Numbers From The State's Insurance Commissioner Could Get Money Into The Windpool

No matter where the money comes from, state lawmakers say money needs to get in the windpool a lot sooner than later.

"If we can get federal money fine, if we cannot, we have to use state money. That's what it boils down to, " says Rep. Roger Ishee, Gulfport.

And lawmakers like representative Roger Ishee say passing legislation that would pour some $30 million into the windpool is not only about fixing the insurance crisis but about economic development. Adding the money to the windpool could lower insurance rates for businesses that have increased by 268 percent to a 100 percent increase.
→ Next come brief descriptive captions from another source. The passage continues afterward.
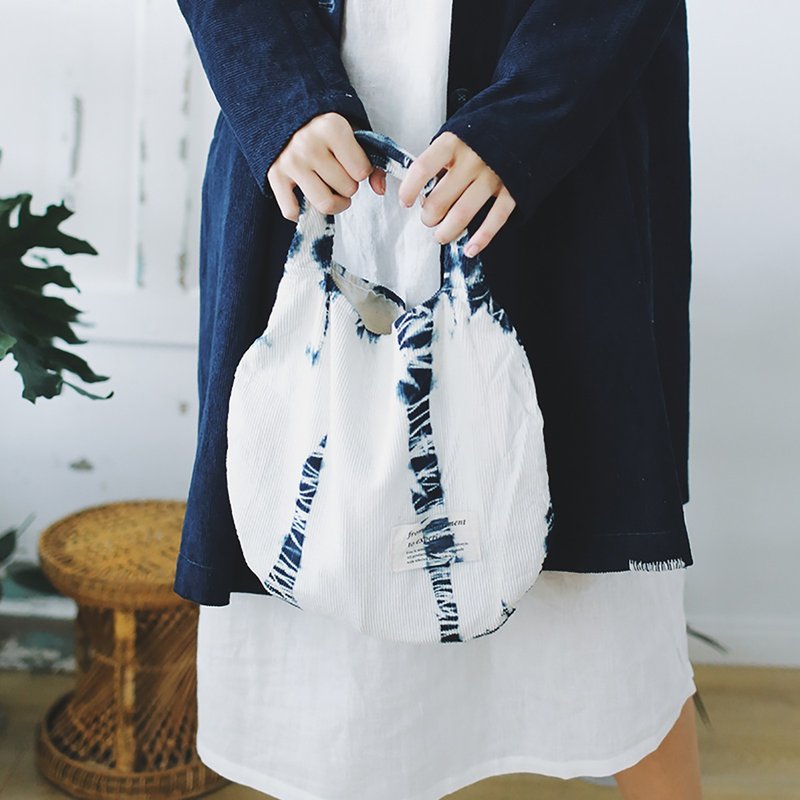 燈芯絨手提包 藍染天然植物染 秋冬超愛 syd and ling 復古 - 手提包/手提袋 - 其他材质 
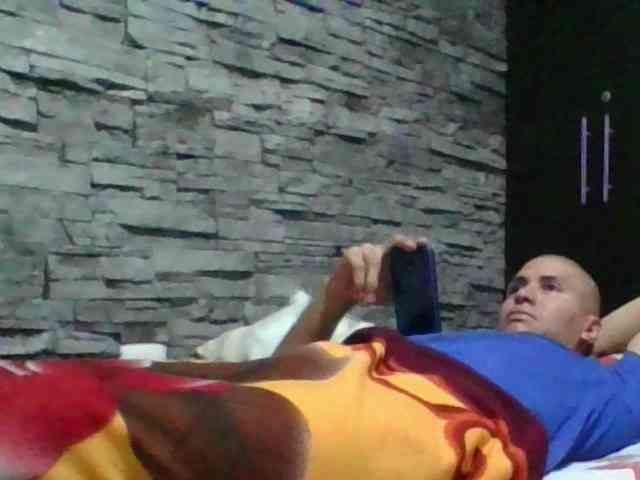 Sexylatin64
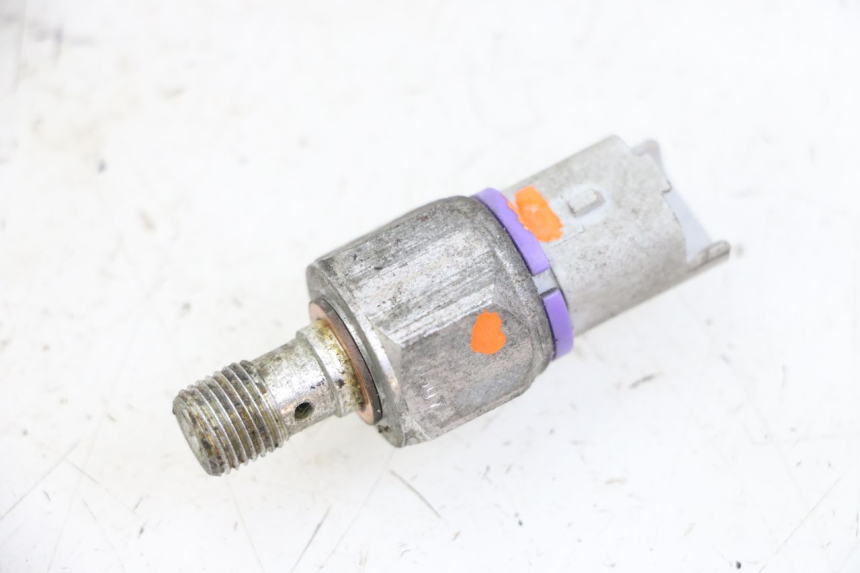 photo de OIL BRAKE PRESSURE SENSOR PIAGGIO MP3 125 (2006 - 2014) - Zoom on usage condition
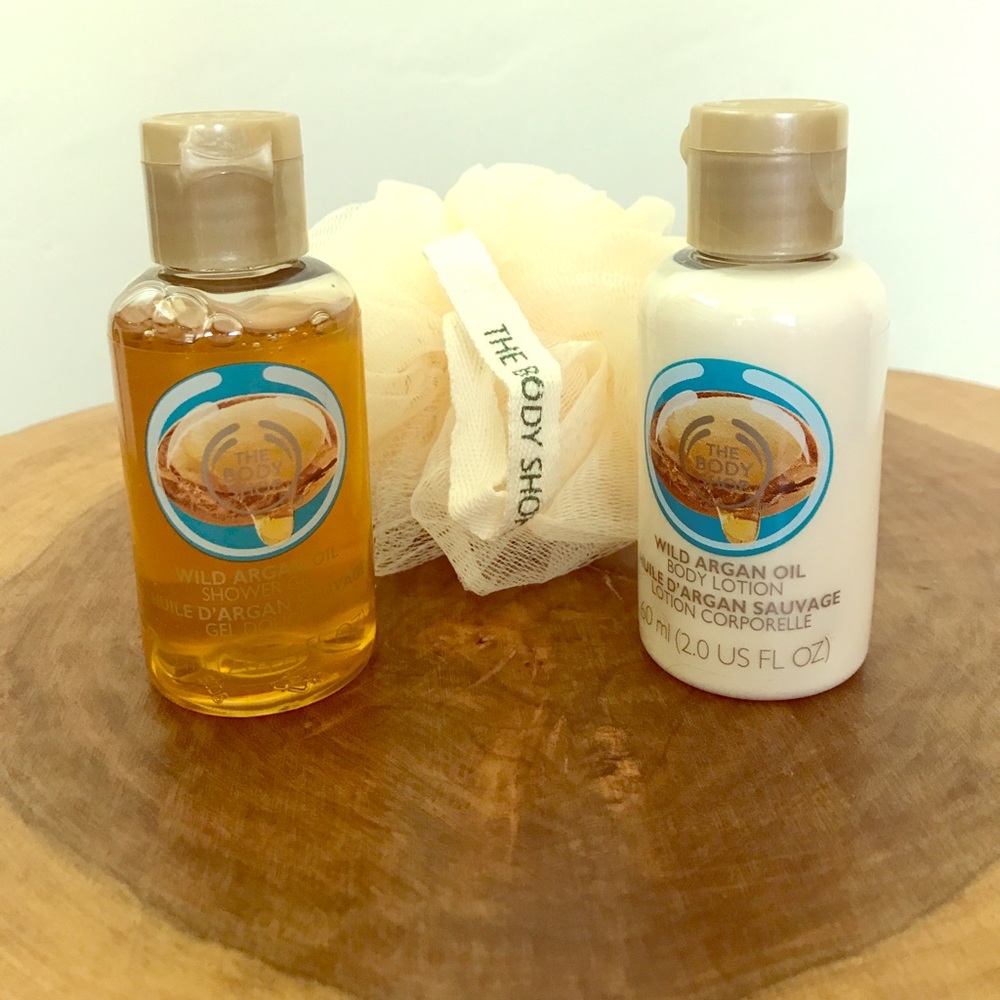 The Body Shop Wild Argan Oil body wash set!! 💐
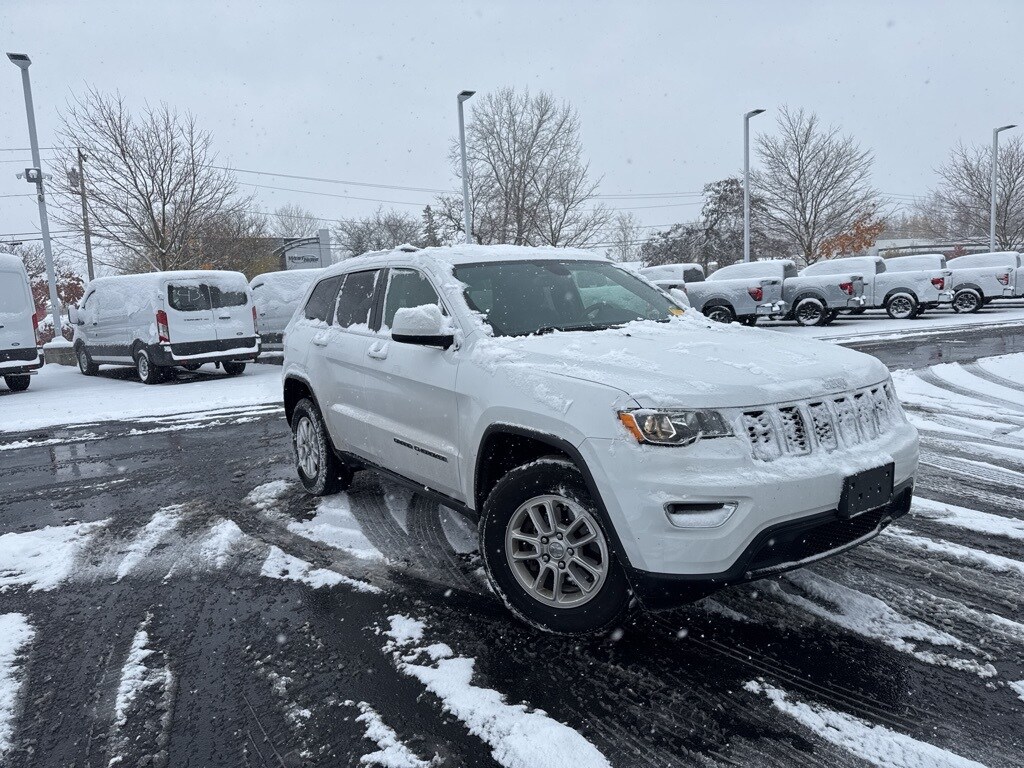 2020 Jeep Grand Cherokee Laredo E photo 4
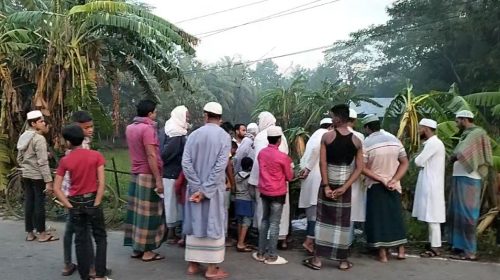 নোয়াখালীতে মাইক্রো চাপায় মুসল্লির মৃত্যু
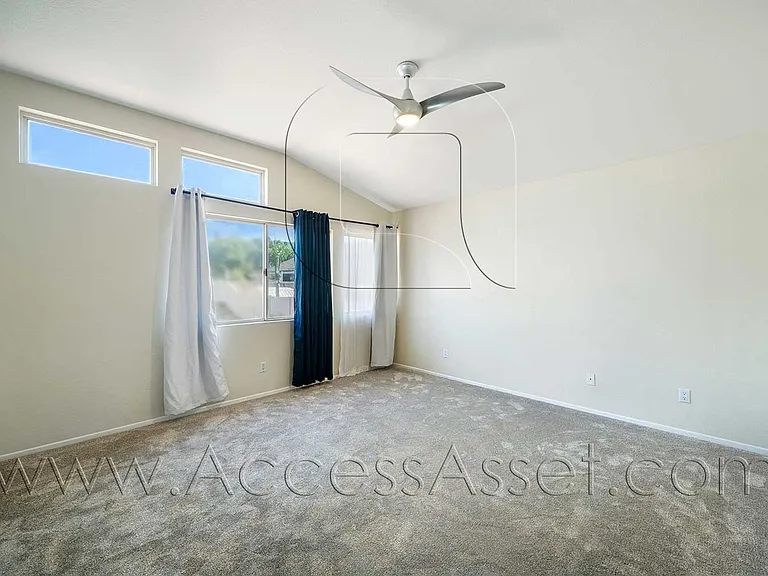 29002 Spindrift Cir — Photo 24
That's according to the Gulf Coast Business Council.

"We have to come up with this so we can get our business built back or new businesses so they can get reasonable priced insurance," says Rep. Roger Ishee, Gulfport.  

Lawmakers heading to Jackson for session on Monday say they're ready to move quickly, but need to get a few figures straight before moving forward.

"We really need the insurance commissioner to come back and tell us how much it's going to lower the premiums and what's going to be the outcome of putting this money in," says Rep. Frances Fredericks, Gulfport.

Lawmakers should have that answer within the coming week. Senator Billy Hewes told state insurance commissioner George Dale during a joint House and Senate Insurance committee meeting he wanted numbers within the week.

"We've waited long enough we have to have those numbers. The people on the coast have to have that so reassurance that their rates will truly be affordable and they can start to rebuild their homes, their business, and ultimately their lives," says Brian Sanderson, Gulf Coast Business Council President.

The Gulf Coast Business Council has also played an active role in presenting a list of proposals geared at long term recovery including: allowing "recoupment" or insurance companies to recover loses for three to five years by adding on premiums statewide, provided they stay in state and write standard policies to the six southern counties.  Their proposals also include operating the windpool like a business where the windpool could reinvest any surplus instead of handing it out to member insurers.

In the meantime, the council along with lawmakers say the commissioner's numbers could play a big part in getting state money moving faster.